If you are rooted, you don't need to update. There are ROMS that are based on different Android build numbers. Some ROMS are 2.3.3 others are 2.3.4. AOSP ROMS like CM7 are on 2.3.7. If you want to try the update, flash RMK's official ROM or Nitsuj's gingerbang. Both of those are straight from the Verizon update for our phone.

http://rootzwiki.com/showthread.php?2987-ROM.KERNEL-9.27.11-sense2.1-TSM-GingerBangSense-2.0.1-*update-to-2.3.4


----------



## android-incredible

thanks for the coments guys..


----------



## android-incredible

JAS_21 said:


> If you are rooted, you don't need to update. There are ROMS that are based on different Android build numbers. Some ROMS are 2.3.3 others are 2.3.4. AOSP ROMS like CM7 are on 2.3.7. If you want to try the update, flash RMK's official ROM or Nitsuj's gingerbang. Both of those are straight from the Verizon update for our phone.
> 
> http://rootzwiki.com/showthread.php?2987-ROM.KERNEL-9.27.11-sense2.1-TSM-GingerBangSense-2.0.1-*update-to-2.3.4


im dowloading GingerBangSence-2.0.1 but there are another sense 3 patch for rom version 2.0,and patches mods. I dont know if after the GingerBangSense-2.0.1 i have to something else.I'm asking a lot because mi english is not good and i dont understand everything.Thanks...


----------



## JAS_21

android-incredible said:


> im dowloading GingerBangSence-2.0.1 but there are another sense 3 patch for rom version 2.0,and patches mods. I dont know if after the GingerBangSense-2.0.1 i have to something else.I'm asking a lot because mi english is not good and i dont understand everything.Thanks...


You don't have to apply the patch. The patch will install some fearures that are newer from HTC.


----------



## android-incredible

JAS_21 said:


> You don't have to apply the patch. The patch will install some fearures that are newer from HTC.

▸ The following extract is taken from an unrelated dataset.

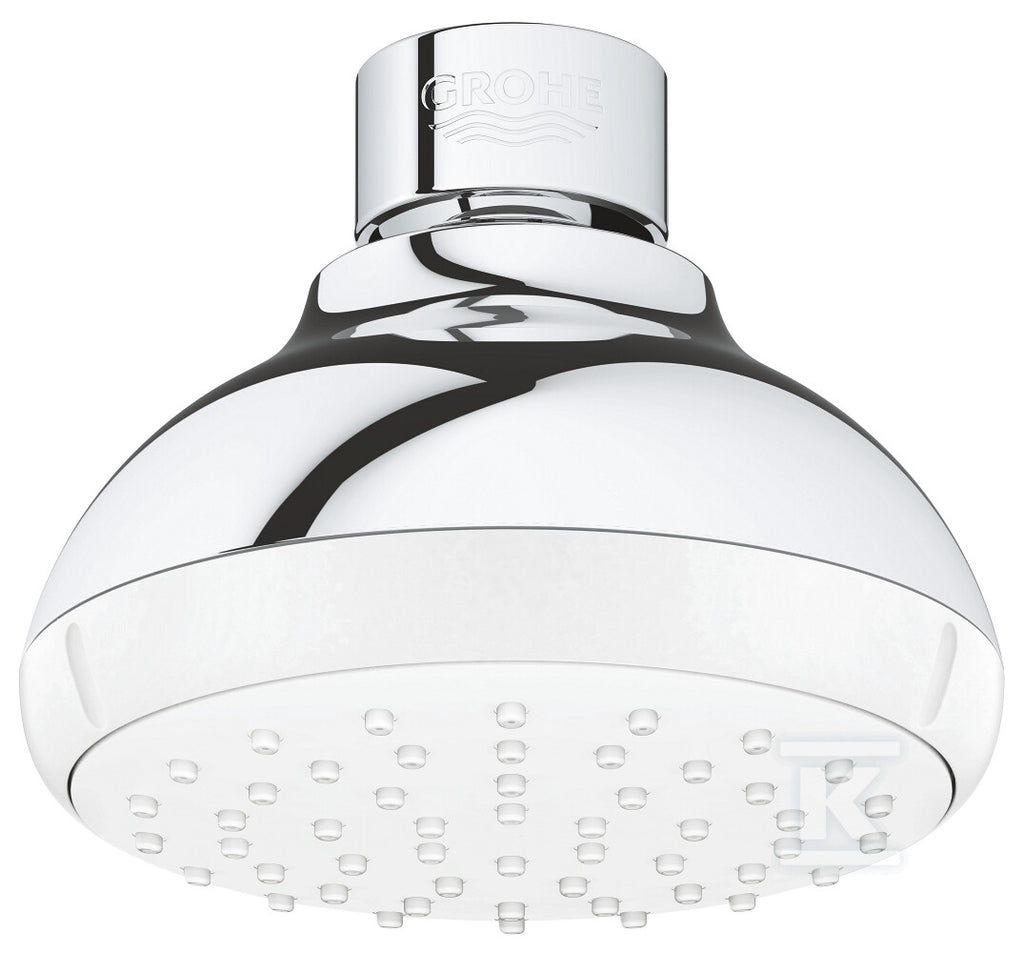 Tempesta 100 Prysznic górny, jednostrumieniowy (strumień Rain), chrom, oszczędność wody Water Saving, ogranicznik przepływu 5,7 l/min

ok,thanks,im running tsm_gingerbangsense_2 with version 2.3.4,the only different is the skyrider had one scenes that this one don't have,there was one that you can add some pictures or wall papers.if you know where could i find that scenes i will appreciate.thanks....


----------



## JAS_21

I'm not sure on the scenes. I don't normally use HTC Sense, and if I do I install a home replacement like ADW Launcher EX. Maybe someone else can answer.


----------



## android-incredible

JAS_21 said:


> I'm not sure on the scenes. I don't normally use HTC Sense, and if I do I install a home replacement like ADW Launcher EX. Maybe someone else can answer.


Ok. Thanks....


----------



## android-incredible

To all people that has the incredible 2 rooted with any rom with version 2.3.3 i recomend to use this rom, is very stable the battery live fabulous,i know many people knows the procedure but this is for those who dont know or remember.first do a nandroid backup,second download this rom and move the rom to the rooted sd card,wipe data and dalvik,and then install the rom. now you have a new rom with 2.3.4 version.enjoy....another thing if you want wireless tether app you will to download from the market,the the my verizon app.


----------